Stern, born in 1925, has no memory of a major literary influence as a child, but has spoken of the lingering grief following the death of his sister, Sylvia, at the age of eight. hall and fight. ‘ However, he told The New York Times in 1999, he was a good read thug and did very well in college. Stern studied political science at the University of Pittsburgh and received a master’s degree. Comparative literature at Columbia University Ezra Pound and WB Yeats were among the first poets he read carefully.

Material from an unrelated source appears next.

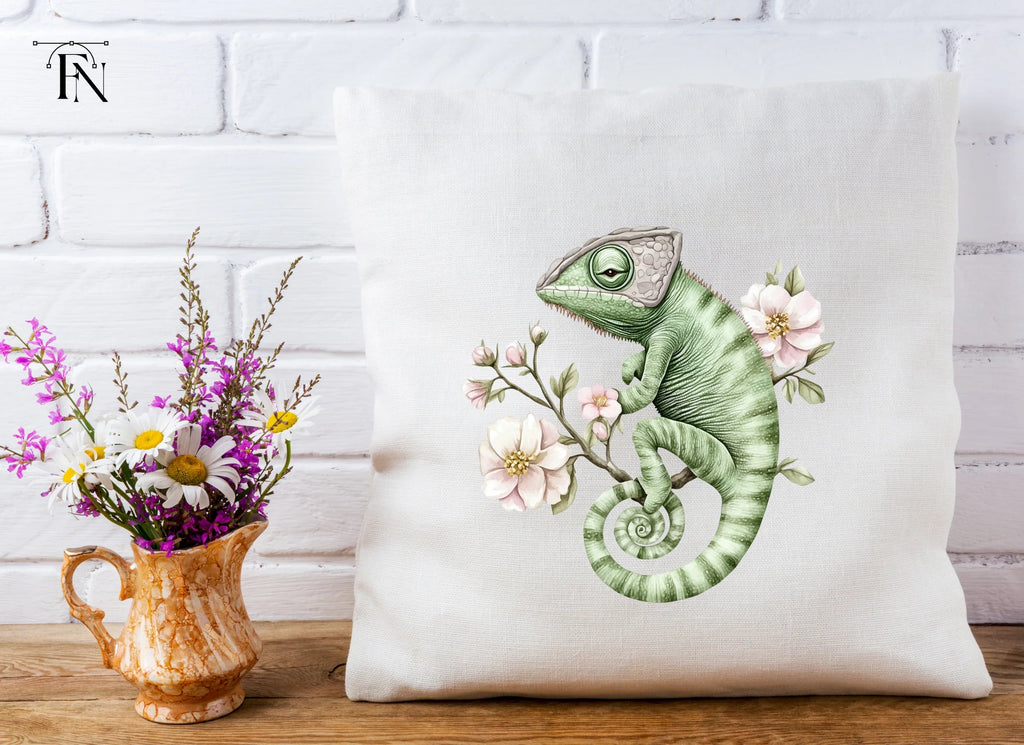 Chameleon on Branch with Pink Flowers Clipart Bundle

Stern lived in Europe and New York during the 1950s and eventually settled in a 19th-century house near the Delaware River in Lambertville. His creative development came slowly. It was only during his spare moments in the army, during which he briefly served after World War II, that he conceived the “sweet idea” of writing for a living. He spent most of his 30s writing a poem about the US presidency, “The Pineys”, but despaired that it was “sloppy” and “boring”. As he neared the age of 40, he worried that he had become “a student forever young” and “an instructor who is forever young”. Going through a midlife crisis, he finally found his voice as a poet, discovering that he was “going the easy way” than he should have been.

“It also involved the realization that my prolonged youth was over, that I would not live forever, that death was not just a literary event but very real and very personal,” he wrote in essay “Some Secrets”. published in 1983. “I was able to let go and finally become myself, losing my shame and pride.”

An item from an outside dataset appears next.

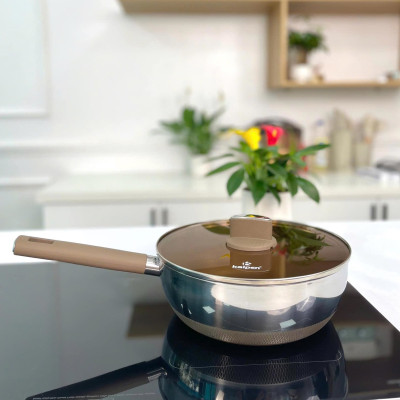 Chảo Inox 316 liền khối 7 lớp phủ chống dính Nano Titanium Shield Kalpen size 20cm,24cm,26cm,28cm đáy từ - Hàng chính hãng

His marriage to Patricia Miller ended in divorce. They have two children, Rachael Stern Martin and David Stern.

Stern mostly avoids topical poems, but he is a longtime political activist whose causes include destroying a swimming pool in Indiana, Pennsylvania and organizing an anti-segregation reading. race at the University of Iowa. He has taught at several schools, but has great skepticism about writing programs and academic life. At Temple University, he was so angered by the school’s decision in the 1950s to build a 6-foot-high brick wall separating the campus from the nearby Negro neighborhoods of Philadelphia that he decided to trying to climb the wall on the way to class.

He told the online publication The Rumpus in 2010. “The organization works in a subtle and insidious way in such a way that even though you seem to have freedom, you still become a servant.” invited to a picnic. Or get tenure. Or get laid off. “

In addition to Macari and her children, Stern is survived by grandchildren Dylan and Alana Stern and Rebecca and Julia Martin.